Question

In: Computer Science

c++ "Programming For Big Data [ DvcScheduleV2.cpp and StaticArray.h and/or DynamicArray.h ] Assignment 5's runtime was...

c++ "Programming For Big Data [ DvcScheduleV2.cpp and StaticArray.h and/or DynamicArray.h ]
Assignment 5's runtime was too slow -- a couple of minutes or so. It's because of the duplicate-checking, with over 4 billion compares.

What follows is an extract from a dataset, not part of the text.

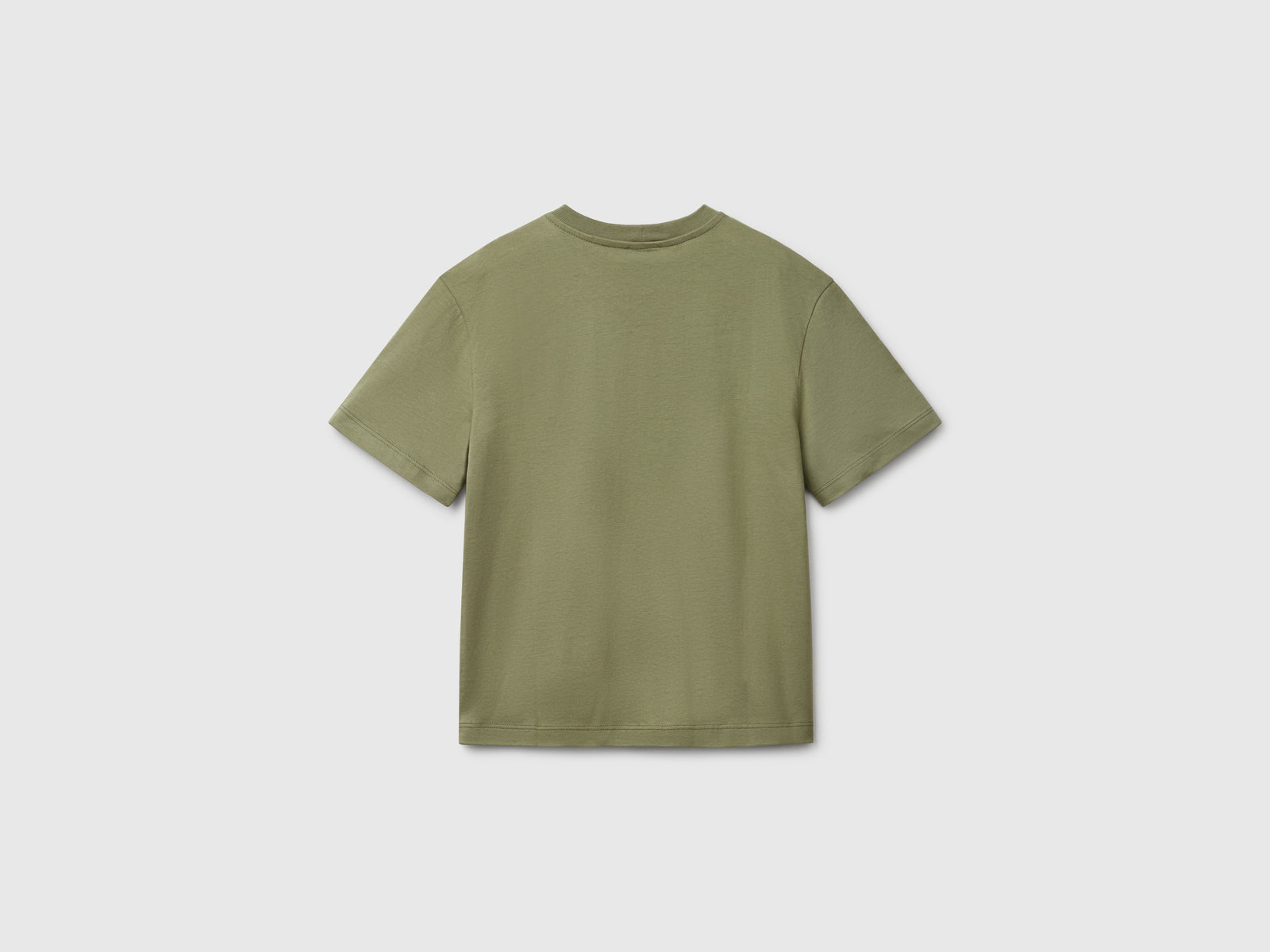 T-shirt manica corta in cotone da bambino verde oliva 2 | Benetton Outlet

Rewrite the duplicate-checking logic from Assignment 5, using a technique from "Techniques For Big Data, Reading" to do fewer compares, and come up with the exact same results as Assignment 5.

You may use your StaticArray.h from Assignment 3 and/or your DynamicArray.h from assignments 4, but you may not use any STL containers. Submit the H file(s) you use in your solution, even if there are no changes since your previous work. Your project will be compiled for grading using the default stack memory size of 1MB.

Progress Bar

Since this version is supposed to be fast, there is no longer a need for a progress bar. Include one if you wish, or you may leave it out -- your choice. But if you do have a progress bar, do remember to "flush"...

You should get the same result as V1 and should run an order of magnitude faster."

For some reason I'm getting different results from my first version of the programs and the program I've written for this assignment.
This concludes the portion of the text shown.